1. For the rose and cardamom syrup, stir sugar, cardamom, cinnamon and the water in a large saucepan over medium-high heat until the sugar dissolves, then bring to the boil and cook until a slightly sticky syrup forms (8-10 minutes; test between thumb and index finger – it should form a thread when stretched). Remove from heat, cool to room temperature.
2. Sift the flour, yeast, salt and sugar into a bowl. Add the water and stir until well combined.
3. Transfer to a lightly floured surface and knead for 5 minutes or until the dough is soft and pliable.
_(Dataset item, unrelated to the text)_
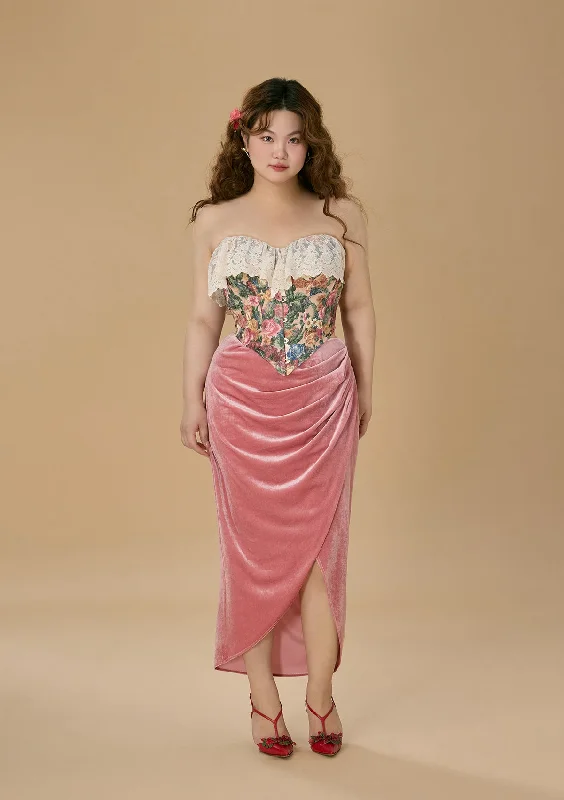 Victorian - era corsets with intricate boning detailsCurve & Plus Flower & Banquet Corset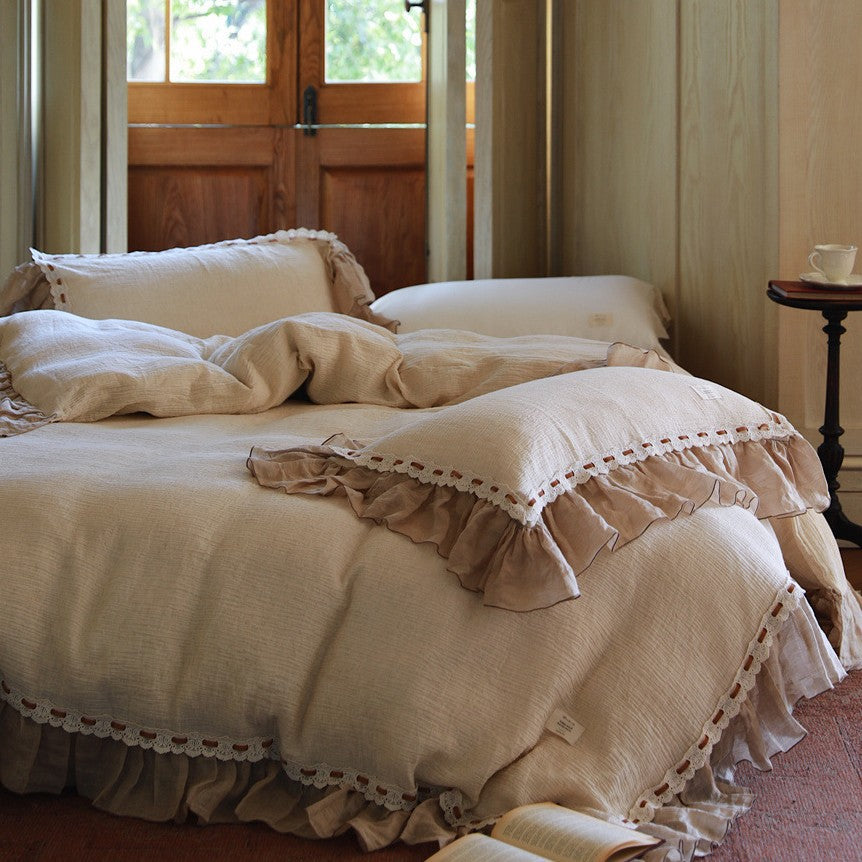 Washed linen duvet cover set with gathered edge and eyelet trim — product view 2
4. Cover and keep warm for 40 minutes or until doubled in size. Punch the air out and knead for a minute. Divide into 15 g balls.
5. Set aside on a tray in a warm place and leave to double in size for 10 minutes.
6. Meanwhile heat a pot of oil over medium heat. Check the temperature from time to time by dropping a small piece of the dough in the oil. It should cook through without browning too quickly.
7. When the oil is ready, add 2-3 dough balls and cook for 3 minutes, flipping them over halfway. Remove with a slotted spoon and drain on paper towel.
8. Immerse in the sugar syrup while they are still warm, soak for 1 hour, then serve with Honey Ice Cream, and some syrup drizzled over.
Rwandan honey is dark and delicious. The bees at Bisate get their nectar from the forest in Volcanoes National Park, in the foothills of the volcanoes where the soil is very fertile.
2 ½ cups (625 ml) cream
1/3 cup (80 ml) honey
4 egg yolks
1/3 cup (80 ml) caster sugar
2 tsp (10 ml) vanilla extract
1. Combine cream and honey in a saucepan over a medium heat. Cook, stirring occasionally for 5 minutes or until mixture simmers. Remove from heat.
2. Using an electric mixer, beat egg yolks, sugar and vanilla in a bowl for 5-6 minutes or until thick and creamy. Gradually beat in the warm cream mixture until combined.
3. Strain mixture into a clean saucepan over medium heat. Cook, stirring, for 10-15 minutes or until mixture coats the back of a spoon.
4. If you have an ice cream machine, place in the machine and churn for 30 minutes. Serve.
5. If you do not have an ice cream machine pour into a shallow rectangular dish, cover and freeze for 3 hours or until just firm. Then transfer to a bowl and using an electric mixer, beat until smooth. Refreeze.